You are on a precipice. I don’t want you to fall, but I also know I can’t hold you any longer. You are my first; what lies ahead of you is a mystery to me. I know the comfort of what was, but when I try to peer into what’s to come, I see only shapeless shadows.
* * *
I always long for the comfortable. The known. A familiar desk, a task previously conquered. Seldom steady or self-assured as I set out for something new; sometimes sentimental to a fault.
In Still Writing (which I’m reading, loving, savoring…recommending), Dani Shapiro describes the creative life as one fraught with uncertainty:
“All we can hope is that we will fail better. That we won’t succumb to fear of the unknown. That we will not fall prey to the easy enchantments of repeating what may have worked in the past. I try to remember that the job — as well as the plight, and the unexpected joy — of the artist is to embrace uncertainty, to be sharpened and honed by it. To be birthed by it. Each time we come to the end of a piece of work, we have failed as we have leapt — spectacularly, brazenly — into the unknown.”

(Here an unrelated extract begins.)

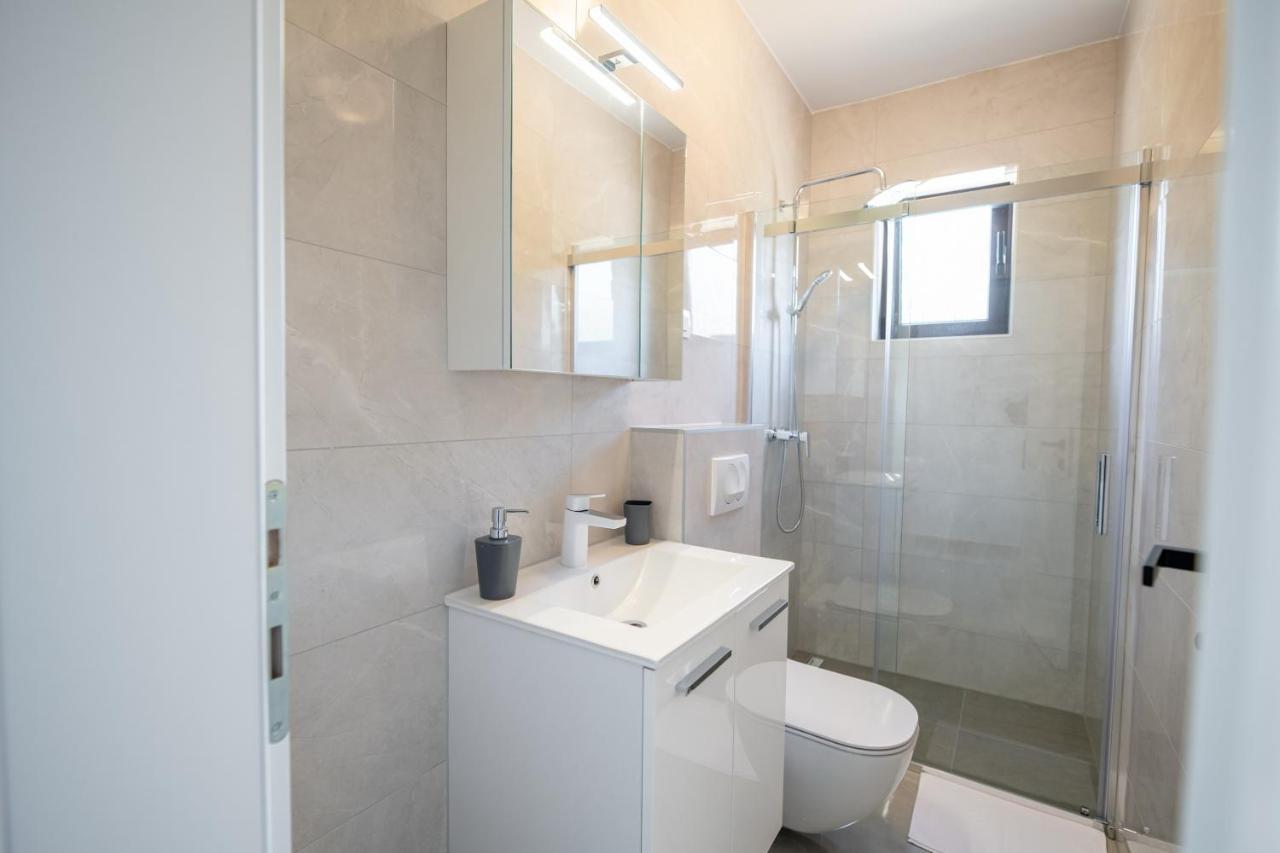 Apartments Zora Seline ภายนอก รูปภาพ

I start writing and I don’t know where it will lead. This is new for me, hard. Uncomfortable. I bite off an entire hand of nails as I slog through a daunting first draft because I’m impatient. I want to know where it’s going, that it’s going somewhere worthwhile, anywhere at all.
* * *
Writing…parenting…in both, we must embrace uncertainty. Fail better. Walk into the unknown. It scares me, just as it thrills. These uncharted waters, the mystery of what lies ahead. Like the blank page, little by little, our story, his story, begins to reveal itself.
What we know for sure is that we can’t stay here. Time is relentless in its pursuit of what follows. So we follow along, taking comfort in the commonality of it all. Because after all, writing and parenting are both at once intensely personal and reassuringly universal.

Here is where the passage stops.